Description Completeness

Parameter Type Default Description
Description Template String Empty PR description template. Leave empty for no template requirement

2. Documentation & Readability

Docstring Coverage

Parameter Type Default Description
Threshold Integer (0-100) 80 Minimum docstring coverage percentage
Scope String "PR Changes Only" Scope of coverage check. Options: "PR Changes Only" or "Entire Codebase". "PR Changes Only" checks only changed files for generating coverage numbers
Exclude Patterns Array of Strings Empty File patterns to exclude from coverage calculation (e.g., ["test_*", "*/migrations/*"])

README Updates

Parameter Type Default Description
README Template String Empty README template to validate against. If provided, acts as an implicit trigger requiring README updates
Check Code Examples Boolean false Whether to verify that code examples are present and correct for new features
Trigger Patterns Array of Strings ["public API changes", "CLI changes", "configuration changes", "installation changes", "new features"] Types of changes that require README updates

3. Testing & Quality Assurance

Unit Test Coverage

Parameter Type Default Description
Threshold Integer (0-100) 80 Minimum test coverage percentage
Scope String "PR Changes Only" Scope of coverage check. Options: "PR Changes Only" or "Entire Codebase". "PR Changes Only" checks only changed files for generating coverage numbers
Test Patterns Array of Strings Empty Patterns to locate test files (e.g., ["test_*", "*_test.py", "tests/*"])
Exclude Patterns Array of Strings Empty File patterns to exclude from coverage calculation

4. Dependencies & Packaging

Dependency Declaration

Parameter Type Default Description
Dependency Files Array of Strings Empty List of dependency file paths to check (e.g., ["requirements.txt", "pyproject.toml", "package.json"])
Require Version Pin Boolean false Whether to require specific version numbers

Tips for Configuration

Start Conservative: Begin with lower thresholds (e.g., 50%) for coverage and gradually increase as your team adapts.

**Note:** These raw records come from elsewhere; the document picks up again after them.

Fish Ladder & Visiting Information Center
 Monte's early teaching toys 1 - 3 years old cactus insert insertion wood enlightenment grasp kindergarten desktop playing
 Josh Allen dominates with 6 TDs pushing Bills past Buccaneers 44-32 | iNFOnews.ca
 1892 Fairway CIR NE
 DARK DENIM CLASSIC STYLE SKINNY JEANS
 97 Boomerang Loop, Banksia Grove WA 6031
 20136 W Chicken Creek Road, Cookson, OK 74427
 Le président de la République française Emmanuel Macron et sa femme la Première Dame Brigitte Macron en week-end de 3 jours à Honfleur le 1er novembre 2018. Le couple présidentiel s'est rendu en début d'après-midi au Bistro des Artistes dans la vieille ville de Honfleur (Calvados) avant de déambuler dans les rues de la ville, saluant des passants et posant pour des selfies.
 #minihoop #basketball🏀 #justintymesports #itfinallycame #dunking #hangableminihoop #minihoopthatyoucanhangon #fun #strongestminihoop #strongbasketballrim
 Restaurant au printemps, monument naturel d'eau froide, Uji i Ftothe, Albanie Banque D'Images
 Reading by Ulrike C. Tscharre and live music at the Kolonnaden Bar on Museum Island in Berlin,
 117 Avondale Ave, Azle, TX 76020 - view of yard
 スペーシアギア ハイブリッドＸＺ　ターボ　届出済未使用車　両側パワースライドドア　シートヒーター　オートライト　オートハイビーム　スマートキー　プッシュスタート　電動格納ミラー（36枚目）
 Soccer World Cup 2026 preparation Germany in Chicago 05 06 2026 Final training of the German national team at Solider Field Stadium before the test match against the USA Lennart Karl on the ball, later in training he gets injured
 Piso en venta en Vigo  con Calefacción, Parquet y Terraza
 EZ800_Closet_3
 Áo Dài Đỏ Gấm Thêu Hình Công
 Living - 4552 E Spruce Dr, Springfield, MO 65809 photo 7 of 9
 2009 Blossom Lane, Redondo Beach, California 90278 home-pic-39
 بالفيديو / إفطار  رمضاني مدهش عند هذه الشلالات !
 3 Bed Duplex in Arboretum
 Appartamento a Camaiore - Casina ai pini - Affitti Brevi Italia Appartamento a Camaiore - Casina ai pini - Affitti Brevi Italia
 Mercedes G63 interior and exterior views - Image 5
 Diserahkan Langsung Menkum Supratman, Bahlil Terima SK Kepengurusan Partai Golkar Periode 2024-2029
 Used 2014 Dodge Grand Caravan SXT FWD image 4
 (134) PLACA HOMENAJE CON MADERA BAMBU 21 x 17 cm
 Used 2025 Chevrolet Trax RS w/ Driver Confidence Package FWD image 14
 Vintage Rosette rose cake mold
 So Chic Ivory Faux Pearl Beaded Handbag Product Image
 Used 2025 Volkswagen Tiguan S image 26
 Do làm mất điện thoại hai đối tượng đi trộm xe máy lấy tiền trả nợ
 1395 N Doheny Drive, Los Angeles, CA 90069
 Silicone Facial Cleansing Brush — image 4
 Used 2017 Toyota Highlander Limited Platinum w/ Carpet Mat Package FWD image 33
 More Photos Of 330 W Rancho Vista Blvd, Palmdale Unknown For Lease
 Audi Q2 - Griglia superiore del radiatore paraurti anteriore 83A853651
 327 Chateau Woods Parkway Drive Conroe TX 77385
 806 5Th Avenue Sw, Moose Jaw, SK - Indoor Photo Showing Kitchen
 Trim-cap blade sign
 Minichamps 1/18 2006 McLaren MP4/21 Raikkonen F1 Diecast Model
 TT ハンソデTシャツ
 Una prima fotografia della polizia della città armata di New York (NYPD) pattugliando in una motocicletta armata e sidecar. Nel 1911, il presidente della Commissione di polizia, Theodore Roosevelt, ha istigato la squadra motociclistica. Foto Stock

Exclude Strategically: Exclude patterns allow you to skip certain files from coverage checks. This is useful for generated files, test fixtures, migrations, and other files that don't need documentation or testing.

How File Patterns Work:

Exclude/test patterns use glob-style matching with support for wildcards:

Pattern Type Example What It Matches Use Case
Exact filepath setup.py Only setup.py in the root directory Exclude specific config files
Wildcard in filepath tests/test_*.py tests/test_foo.py, tests/test_bar.py Locate test Python files with prefix in tests directory
Extension match *.min.js All minified JavaScript files Exclude minified/compiled code
Directory wildcard migrations/* All files in migrations/ folder Exclude entire directory
Recursive wildcard **/migrations/* All files in any migrations/ folder at any depth Exclude pattern across all subdirectories
Multiple wildcards **/tests/test_*.py tests/test_foo.py, src/utils/tests/test_bar.py Include all Python test files across all subdirectories

README Triggers: Include patterns that affect end users: "API changes", "breaking changes", "new features". Exclude internal refactoring: avoid "code cleanup", "internal changes".

Version Pinning: Enable Require Version Pin for production applications. Disable for libraries to allow flexibility for downstream users.